4.3.Therapeutic intervention by targeting MAT2A and MAT2B

Therapeutic approaches targeting MAT2A and MAT2B may also be effective in liver disease. Molecules such as the fluorinated N,N-dialkylaminostilbenes (FIDAS reagents) bind to the active site of MATα2 and prevent its induction in colon cancer.⁹¹ Similar molecules that inhibit MATα2 and MATβ expression, post-translational modifications, stability, interactions, and activity could be used to target liver fibrosis and HCC. A thorough structural analysis of these proteins for the design of such drugs is required. Inhibiting the expression of MATα2 and MATβ suppressed HSC activation and might be a target for liver fibrosis.⁵⁹ The over-expression of miR-21-3p targeted MAT2A and MAT2B and might also be used to target HCC.³⁵ Targeting MAT post-translational modifications might also be a reasonable way to control liver disease. Recent work showed that the sumoylation of MATα2 stabilizes it, facilitated BCL-2 induction during HCC, and induced chemoresistance in HCC cells.⁴³ Therefore, blocking the sumoylation of MATα2 at specific residues using small molecules might provide a therapeutic advantage for HCC treatment. Similarly, the phosphorylation of MATα2 and MATβ at specific residues stabilized these proteins and facilitated HSC activation.⁴¹ Because HSC activation is an important mediator of liver fibrosis, blocking the site-specific phosphorylation of these proteins might be an effective liver fibrosis treatment. MATβ has been studied for its interaction with the ERK/MEK MAPK pathway and its association with cell survival in HCC.^{78, 82} The novel interaction of MATβ and GIT1 was shown to amplify Raf-mediated MAPK activation and therefore might be targeted to inhibit MAPK signaling and cell proliferation during HCC. ⁸⁴

5.Conclusion

MAT is an enzyme that produces SAMe, which is essential for all methylation reactions. MAT genes and isoenzymes are dysregulated in liver injury and cancer: MAT1A expression is reduced and its encoded isoenzymes MATI/III are inactivated. In contrast, MAT2A and MAT2B are induced in liver cancer. Furthermore, MATα1, MATα2, and MATβ subunits exhibit distinct interactions and post-translational modifications that have both SAMe-dependent and independent effects. A summary of the key findings are provided below:

• Liver pathologies (alcoholic hepatitis, non-alcoholic steatohepatitis, liver cirrhosis, HCC and CCA) are associated with reduced MAT1A expression.
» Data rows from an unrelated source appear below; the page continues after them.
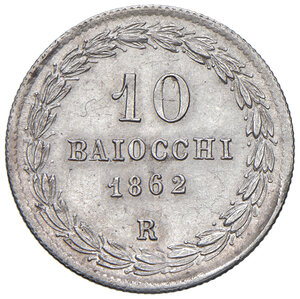reverse: Roma. Pio IX (1846-1878). Da 10 baiocchi 1862 anno XVII AG. Pagani 445. MIR 3155/10. Migliore di SPL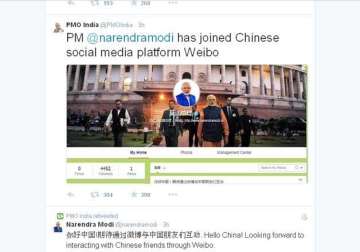 narendra modi scores big hit with weibo account chinese state media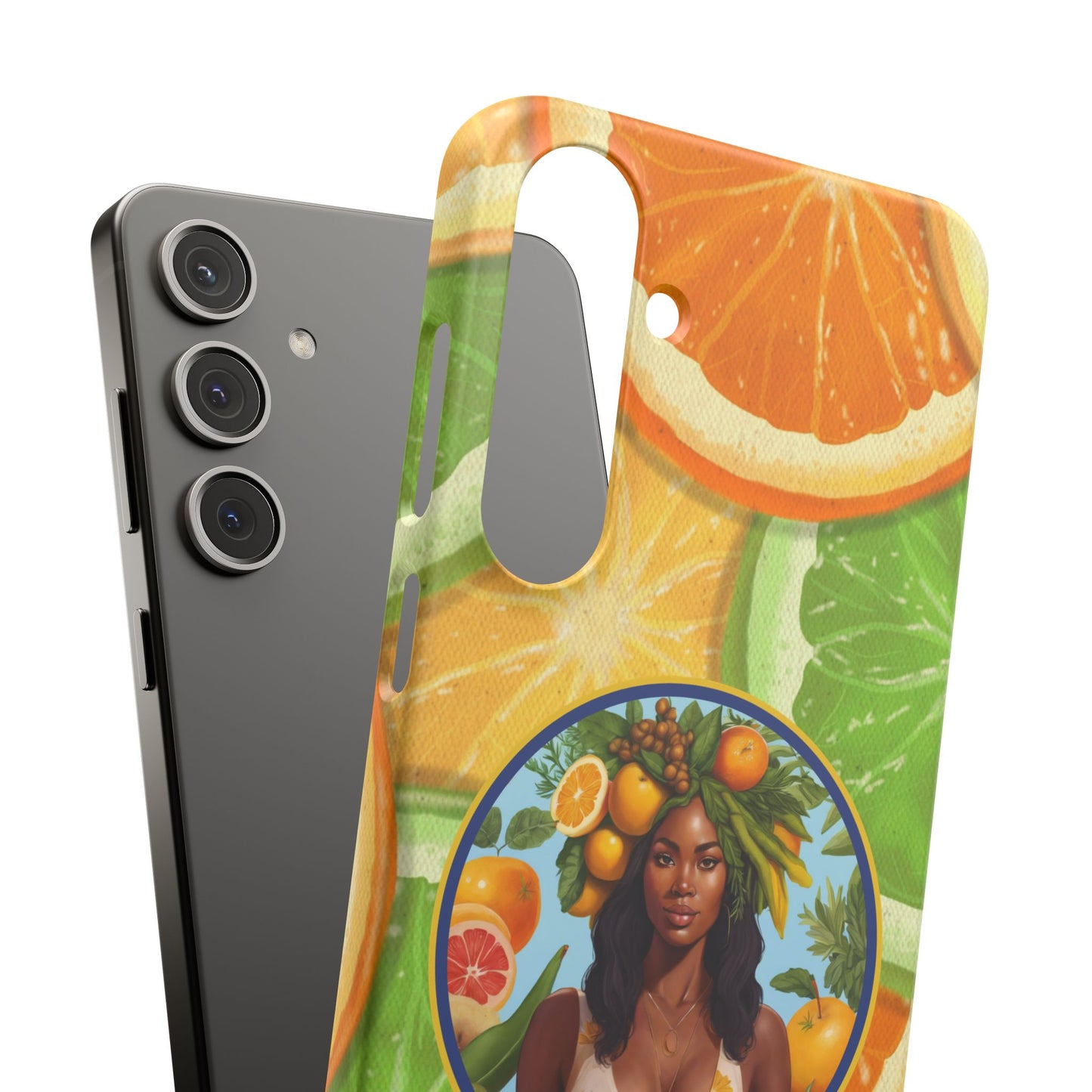Organically Me Citrus Fruits Garden Snap Phone Case with Black Woman, Veggie Chic for Androids and iPhone models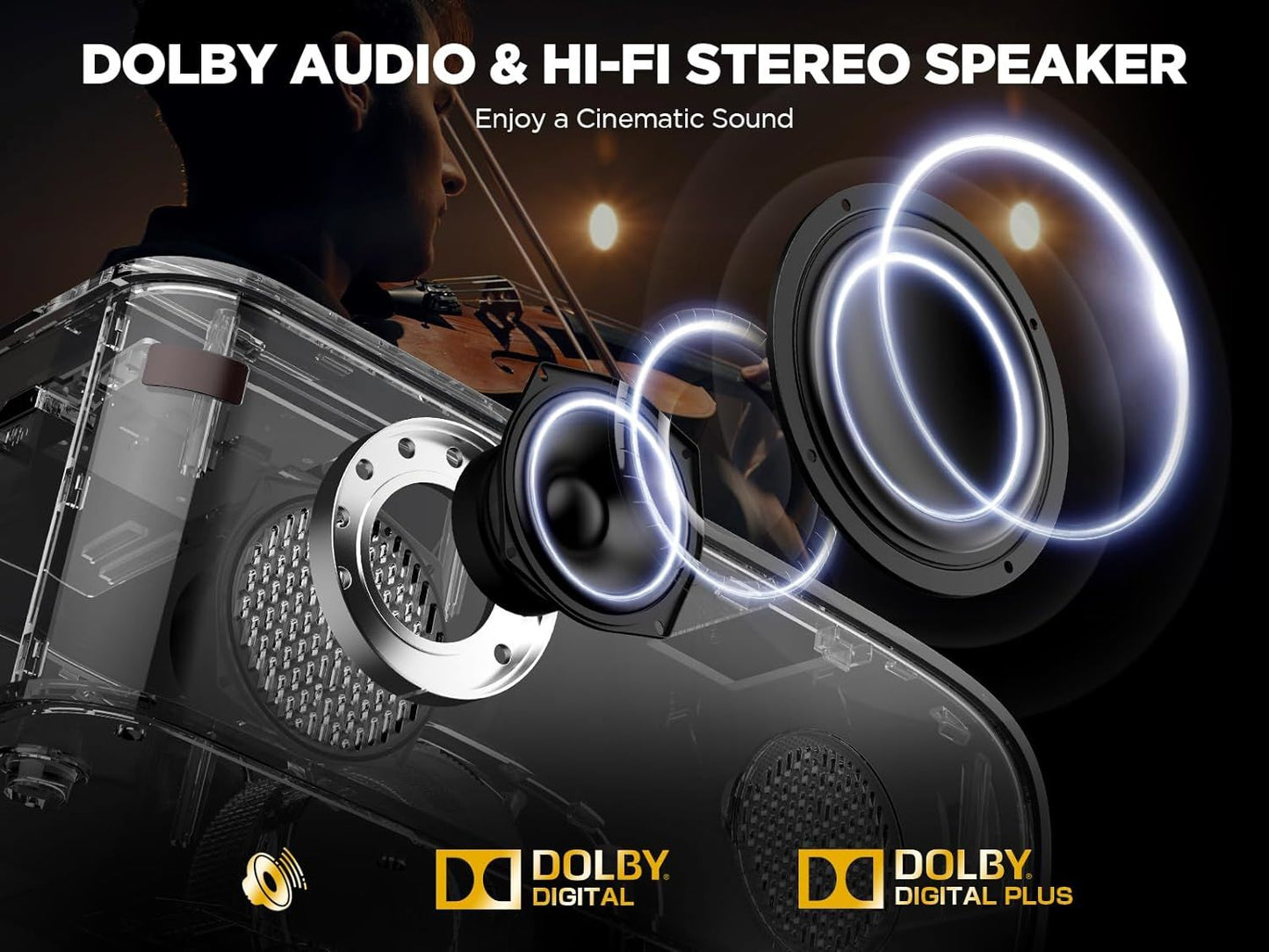 Projector with 5G WiFi and Bluetooth, DBPOWER Native 1080p Movie Projector Built-in Netflix, 500ANSI Portable Smart Projector 4K with Dolby Audio for Outdoor Home Theater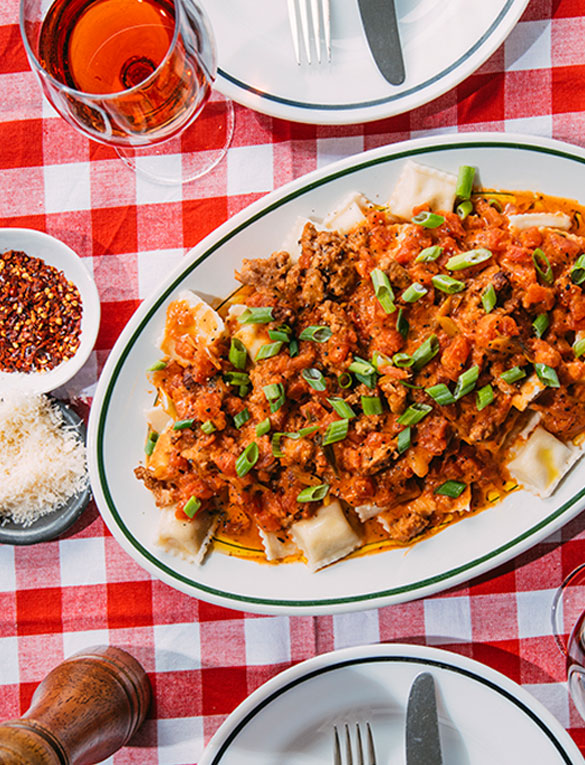 Cheese Ravioli in a Sausage and Tomato Cream Sauce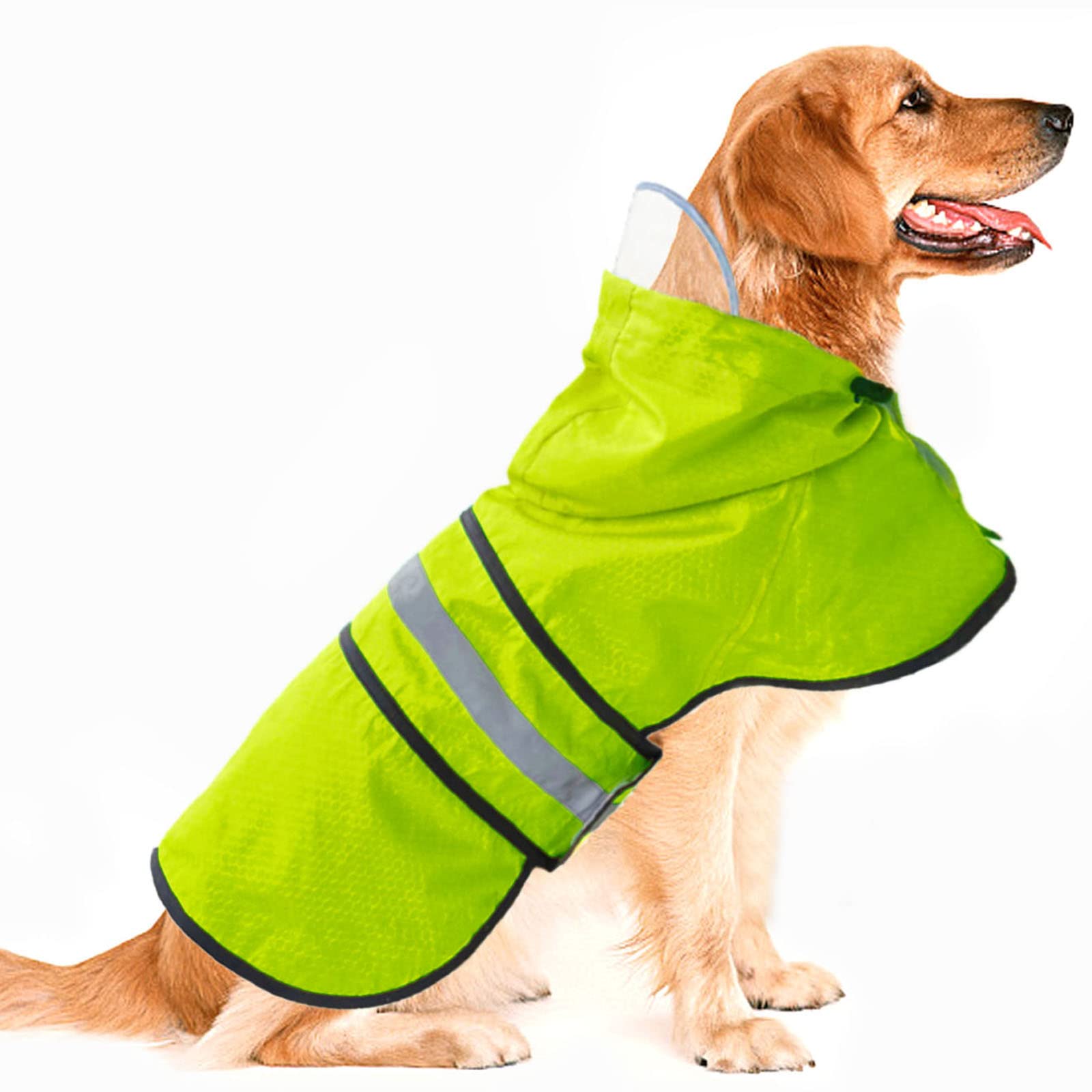 Dog Raincoat Waterproof Reflective Slicker - Lightweight Breathable Hooded Poncho Rain Coat Jacket with Adjustable Belly Strap a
• Reduced MAT1A expression is associated with SAMe deficiency in the liver.

• Liver fibrosis and HCC are associated with increased MAT2A and MAT2B expression.

• MAT2A and MAT2B exhibit a strong association with proliferative phenotype in the liver.

The future direction of this research will be to develop molecular approaches that stabilize MATα1 and destabilize MATα2/MATβ to provide effective strategies for the treatment of liver fibrosis, cirrhosis, HCC, and CCA.